Mehmedi, ileri uçta ne kadar sırıttıysa Ataberk de o kadar kalesinde güven verdi. Boffin sonrasında Alperen Uysal’a sabreden Nuri Şahin, bunca zaman Ataberk’i düşünmeyerek genç kaleciye kesinlikle yazık etmiş. 90+7’de kurtardığı penaltı da ortaya koyduğu performansını daha da süsleyen sadece bir detay oldu. Genç kaleci ortaya koyduğu bu performansla Kasımpaşa maçında da eldiveni giymeyi net bir şekilde hak ettiğini gösterdi. 

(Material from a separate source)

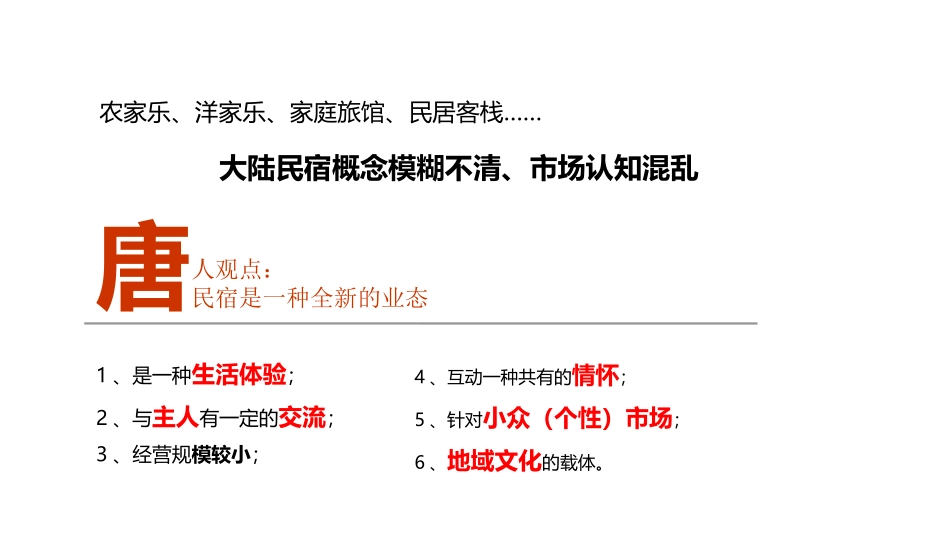 民宿发展研究报告_第3页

Yazının başında söylediğim gibi bu maçta kazanmak ya da kaybetmek çok önemli değildi. Bunca eksiğe rağmen alınan 1 puan normal şartlarda galibiyetten bile değerli sayılabilirdi, ancak bu dönemde ortaya koyulan birliktelik ve genç kaleci Ataberk’in ortaya koyduğu oyun hepsinden daha değerliydi.